- EXERCISE REQUIREMENTS:
For this exercise, transcribe every line of the material exactly and skip the pictures.

- DATA BELOW:
################

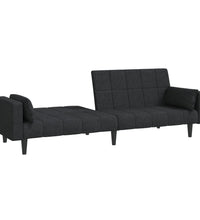 Schlafsofa 2-Sitzer mit 2 Kissen Schwarz Stoff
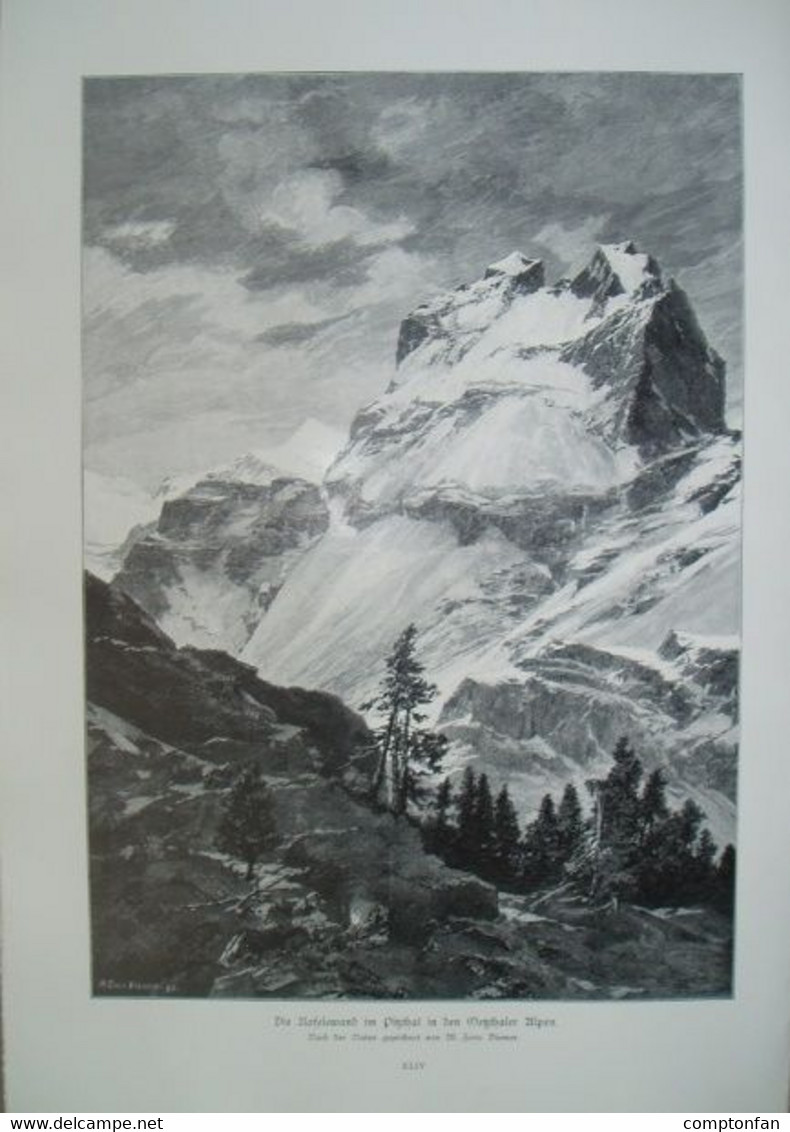 D101 023 Zeno Diemer Rofelewand Pitztal Ötztal Gletscher 27x38 Cm Druck 1899!! - Autres & Non Classés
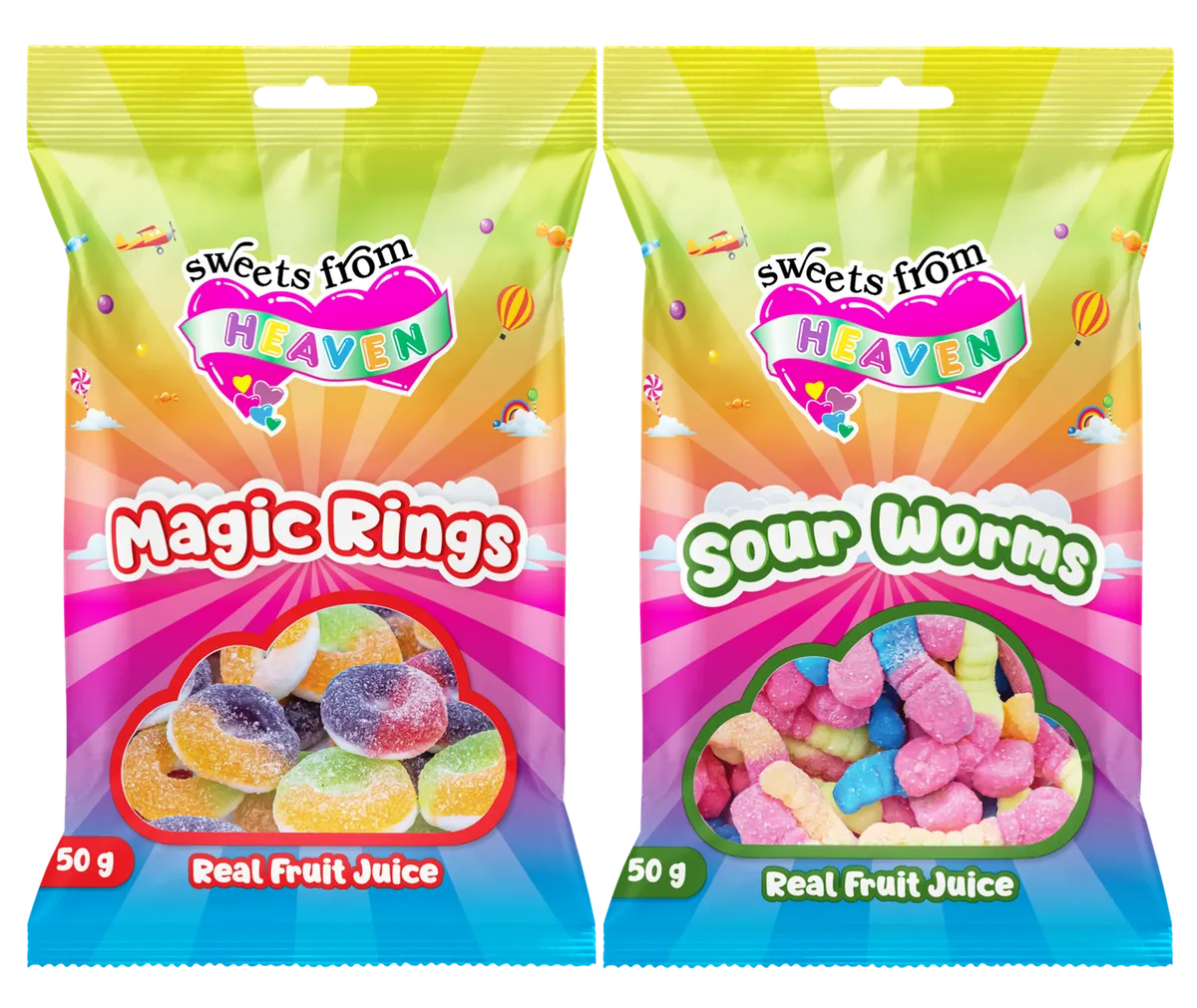 24Pk | Sweets from Heaven | Magic, Worms | Sweets & Chocolate Hampers | 50g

################

- ANSWER BOX:
 Schlafsofa 2-Sitzer mit 2 Kissen Schwarz Stoff
 D101 023 Zeno Diemer Rofelewand Pitztal Ötztal Gletscher 27x38 Cm Druck 1899!! - Autres & Non Classés
 24Pk | Sweets from Heaven | Magic, Worms | Sweets & Chocolate Hampers | 50g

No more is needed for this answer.